Dans « Le Blog de l’Insee », le directeur général de l’Insee s’explique face aux réactions qui mettent en doute l’étude et ses conclusions, la stabilité de la pauvreté en 2020.

Les arguments sont inégalement convaincants.

L’article précise que les données sur lesquelles l’Insee appuie ses études (qu’il s’agisse des estimations avancées ou des études plus tardives et définitives) sont imparfaites, ne serait-ce que parce que certains groupes (les communautés, résidences étudiantes, maisons de retraite, prisons, et les SDF) sont exclus du champ, de même que certains revenus qui n’ont pas à être déclarés, comme les faibles revenus étudiants tirés du travail.
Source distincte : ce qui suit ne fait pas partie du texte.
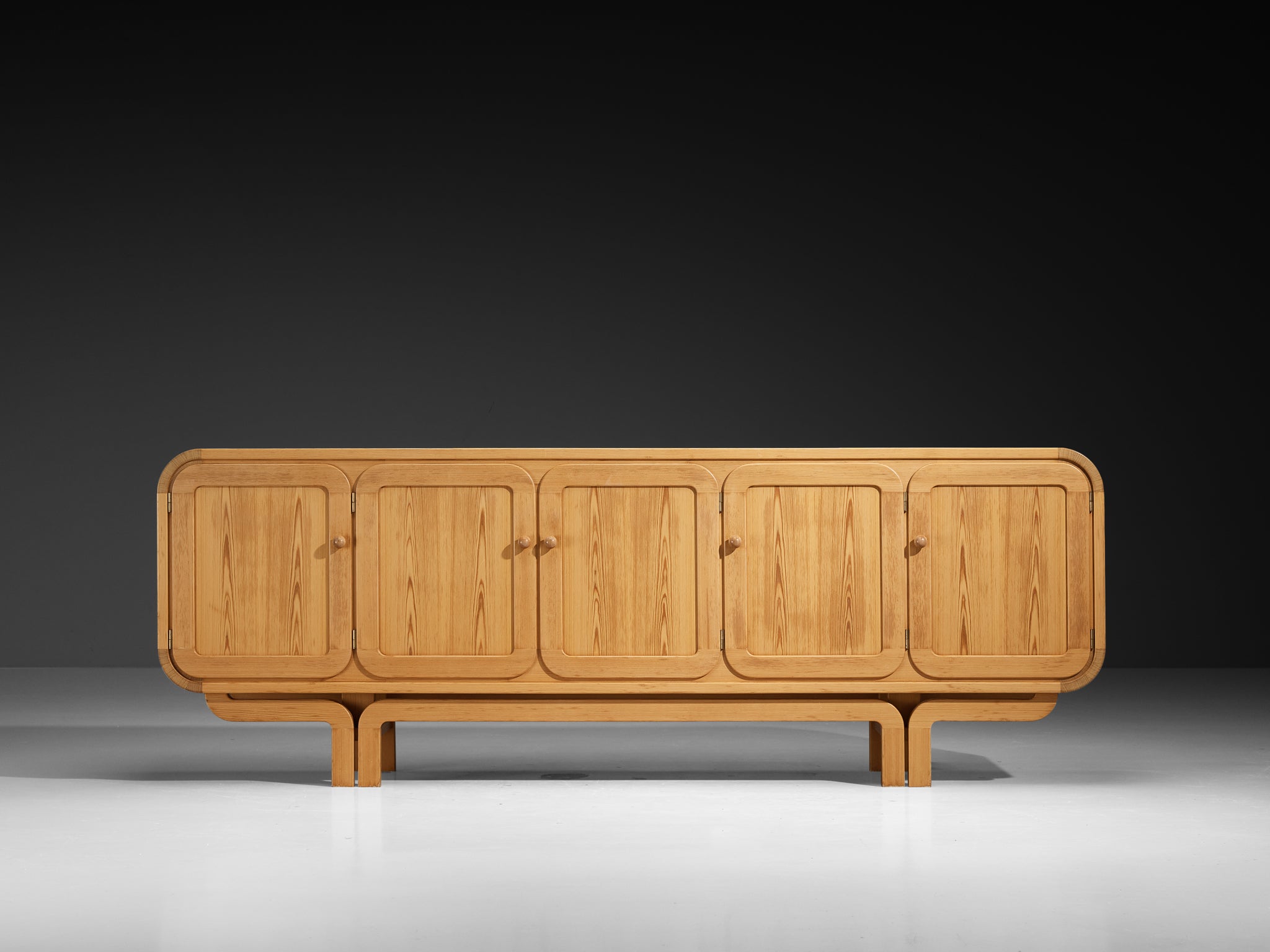 French Postmodern Sideboard in Pine Case pieces and storage cabinets Morentz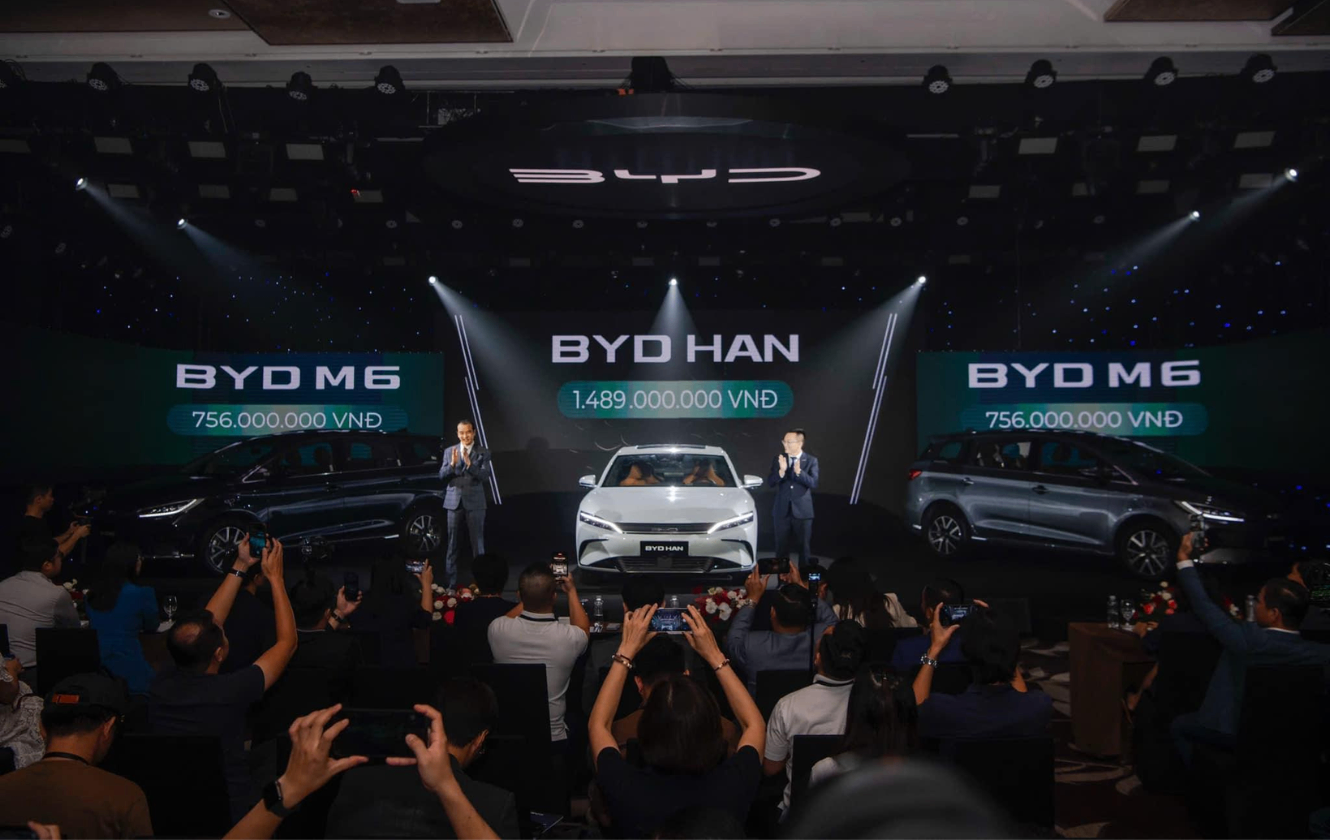 BỘ ĐÔI SIÊU PHẨM BYD M6 và BYD HAN CHÍNH THỨC RA MẮT TẠI VIỆT NAM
De toute façon, dit-il, il n’y a pas de raisons que ces communautés aient eu des revenus plus faibles en 2020, ce qui n’est sans doute pas tout à fait vrai pour les étudiants ou les SDF. Il reconnaît que, s’agissant de la non-prise en compte des tout petits revenus du travail, les conséquences en 2020 ont peut-être été plus fortes, ce qui peut avoir accru la fragilité des données. Pour autant, il ne pense pas que l’impact ait été important. Il relativise également les statistiques de distribution de l’aide alimentaire (+ 7 % d’inscriptions et plus 11 % du volume de distribution) qui ne correspondent pas à une « explosion ». L’étude sur les clients de la banque postale montre par ailleurs qu’il y a eu une diminution des comptes à découvert…notamment pour les personnes à faibles revenus.

Deux arguments pèsent particulièrement dans sa démonstration, qui méritent considération.

La perception de la crise (ou la crainte de la montée de la pauvreté) a peut-être été plus forte que ses conséquences réelles en termes de revenus.  Certes, la pauvreté est loin d’être un phénomène seulement monétaire et l’on sait que, dans le domaine de l’éducation, la crise a creusé les inégalités. Dans d’autres domaines (santé, logement), elle en a révélé l’ampleur : ce constat peut avoir pesé sur notre perception de la pauvreté, que nous avons peut-être surestimée.

Surtout, la pauvreté a pu s’intensifier (le revenu des plus pauvres peut avoir baissé) sans pour autant que le nombre des personnes dépassant le seuil de pauvreté augmente. De fait, le seuil de pauvreté (60 % du revenu médian) est excessivement élevé (plus de 1100 euros pour une personne seule) et ne permet pas de cerner ni la pauvreté « réelle » ni son évolution. Cependant, la note de l’Insee affirme que non seulement le nombre de personnes pauvres n’aurait pas augmenté en 2020 mais que les inégalités elles-mêmes n’auraient pas augmenté : le ratio inter-déciles des revenus serait resté au même niveau que l’année d’avant. La note de l’Insee conduit donc à penser que l’intensité de la pauvreté n’a pas non plus augmenté.

Au final, l’étude comme son commentaire laissent un sentiment de malaise. Certes, l’Etat a versé beaucoup d’aides pour atténuer la perte de revenus professionnels. Pour autant, l’on a du mal à croire que les revenus des plus modestes, intérimaires et CDD devenus chômeurs faute de travail en entreprise, bénéficiaires du RSA sans petits jobs, entrepreneurs individuels sans débouchés n’en aient absolument pas souffert. Mais il faudra attendre un an pour le savoir.